Folha de S. Paulo
O governo dos piores e as oposições
empenhadas em impedir o pior afundam o país num dia a dia crispado e medíocre
Na semana passada, o relatório do Grupo 1
do Painel Intergovernamental sobre Mudança Climática (IPCC) reafirmou a
responsabilidade humana pelo aquecimento do planeta e o consequente aumento da
frequência e intensidade de eventos naturais extremos. Como era de prever, o
assunto foi ignorado no Planalto, onde o presidente se entretia disparando
ameaças a ministros do STF e açulando suas milícias nas redes sociais.
Embora os 103 cientistas que subscreveram o
estudo tenham advertido que nenhum país escapará à catástrofe já em curso se a
temperatura do globo subir 1,5º C a 2º C, o site do Ministério do
Meio Ambiente ignorou o alerta, e seu titular perdeu a
oportunidade de sair do anonimato com uma declaração à altura da importância do
problema —para o país, quanto mais não seja.
Os riscos aqui são muitos: desertificação de porções do Nordeste ocupadas pela agricultura familiar; degradação do bioma do sul da floresta amazônica; estiagens fortes e repetidas no Centro-Oeste ocupado pelo agronegócio; tempestades mais comuns no Sul e Sudeste, ampliando o perigo de enchentes e deslizamento de encostas; cidades litorâneas ameaçadas pela elevação do nível do mar.

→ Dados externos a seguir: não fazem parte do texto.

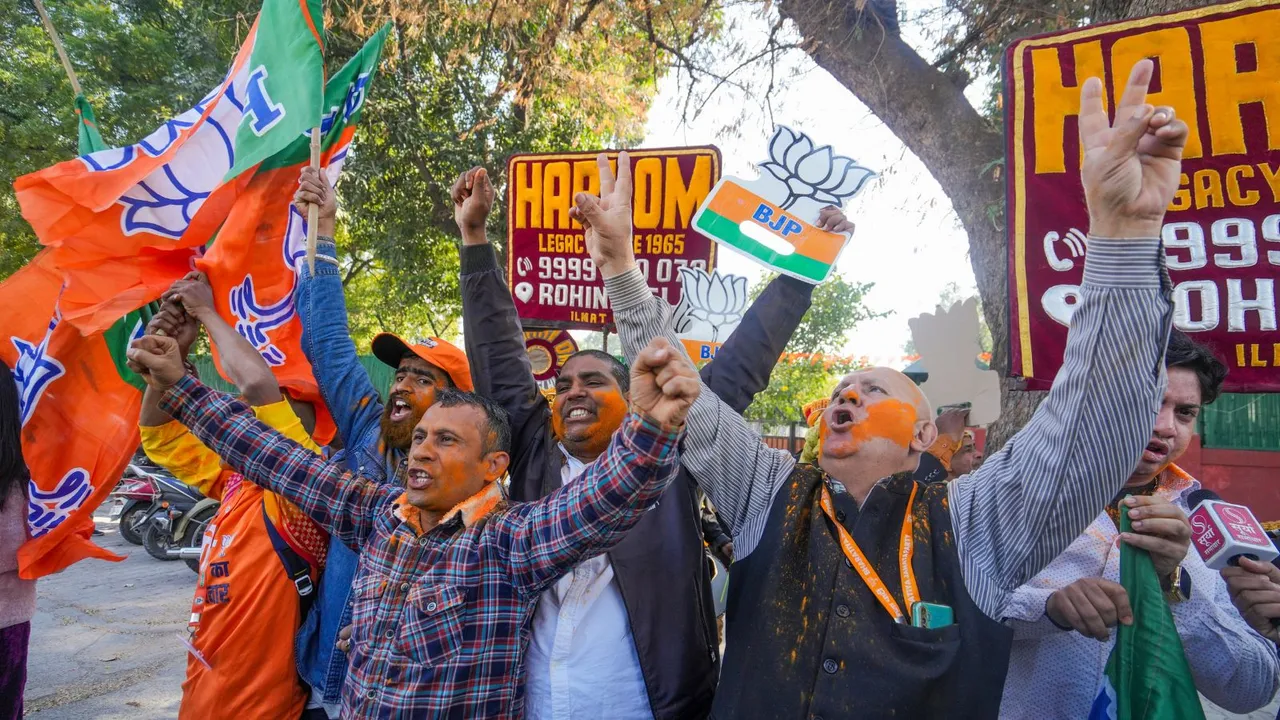 Delhi BJP Celebrations BJP Supporters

Não menos eloquente é o silêncio das
lideranças políticas da oposição, ocupadas, de um lado, com a contenção do
autoritarismo bolsonarista e, de outro, com a articulação de apoios e a
mobilização de bases que lhes proporcionem uma boa posição de largada na
disputa eleitoral de 2022.
O governo exercido pelos piores e as
oposições políticas empenhadas em impedir o pior terminam por afundar a vida
pública num dia a dia tão crispado quanto medíocre; incapaz de pensar nosso
futuro num mundo que está discutindo novas formas de se relacionar com a
natureza, de produzir e organizar a vida em sociedade.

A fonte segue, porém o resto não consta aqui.